Leider spielt das Leben nicht immer so wie in diesem Bericht der Gehaltsverhandlung eines Kunden, und es gibt genügend Beispiele dauerhaft verfahrener Gesprächssituationen. Aus Schlagfertigkeitssicht lohnt es sich dennoch zu fragen: Was sind die gegenseitigen Interessen? Und können vielleicht die Wünsche beider Seiten erfüllt werden? Sich auf die jeweiligen Interessen zu konzentrieren fördert meist auch das gegenseitige (richtige) Zuhören und sorgt für mehr Verständnis. Nicht »die uneinsichtige und sture Chefin gibt keine Gehaltserhöhung«, sondern sie hat eine klare Vorgabe und ihr Interesse liegt darin, dieser zu folgen und trotzdem einen guten sowie möglichst zufriedenen Mitarbeiter zu halten. Beides hat sie durch die veränderte Vorgangsweise meines Kunden geschafft. Ein positiver Nebeneffekt: Es kam zu keinen persönlichen Angriffen, sondern im Gegenteil, das gegenseitige Vertrauen wurde sogar gestärkt.
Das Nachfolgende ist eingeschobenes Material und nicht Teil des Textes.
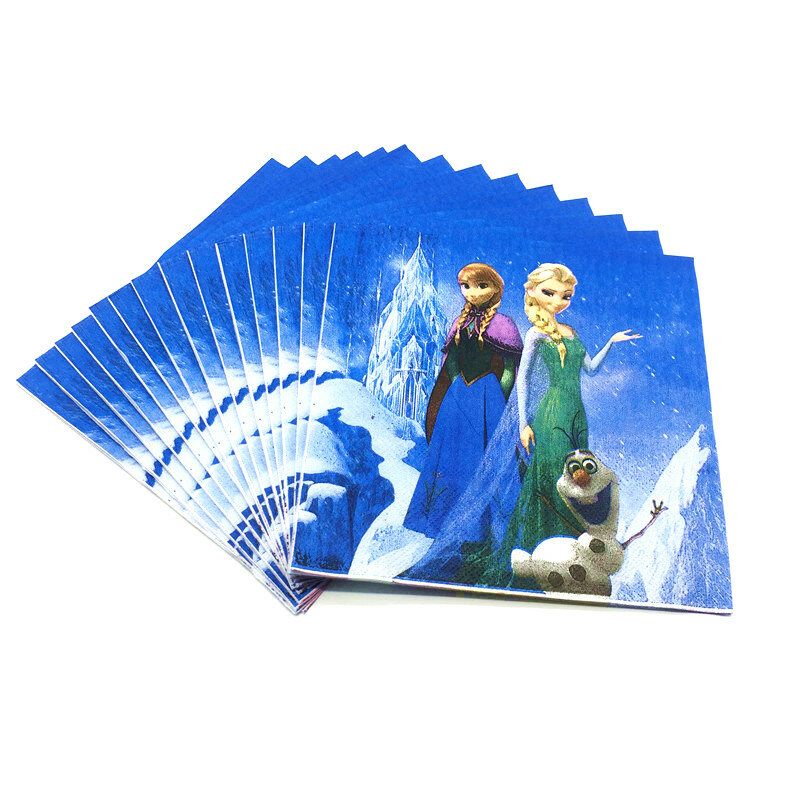 Cartoon Frozen Anna Elsa Theme Paper Disposable Tableware Sets Kid Birthday Party Cup Plate Napkin Tablecloth Decoration Supply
Wenn ich mir keine Gesprächsziele überlege, kann es dazu führen, dass wichtige Bereiche überhaupt nicht angesprochen und damit »endlos« aufgeschoben werden. Oder es fehlt mir schlichtweg der Mut dazu, unangenehme Wahrheiten auszusprechen, um die Situation zu lösen oder zumindest zu verbessern. Das Nichtansprechen von heiklen Themen ist ein ausgezeichneter Nährboden für schwierige Gesprächssituationen, in denen unsere Schlagfertigkeit gefordert ist. Das Motto »Nur nicht ansprechen, das wird sich schon von selber lösen« ist eine gefährliche Falle, denn irgendwann wird die Ursache für die Untergriffe so weit zurückliegen – oder überhaupt nicht mehr erkannt –, dass eine Aussprache immer schwieriger wird.
Der Elefant im Raum
Während der Coronakrise im Jahr 2020 drehte die österreichische Bundesregierung gemeinsam mit dem Roten Kreuz einen Werbespot mit der Empfehlung, einen Abstand in »der Größe eines Babyelefanten« zu halten.2 Im Englischen gibt es ein weiteres Sprachbild mit dem besagten Tier: »the elephant in the room.« Diese Metapher vom »Elefanten im Raum« hat auch im deutschen Sprachraum Einzug gehalten. Es bezeichnet die Situation, dass ein völlig offensichtliches Problem im Raum steht, es aber trotzdem von niemandem angesprochen wird.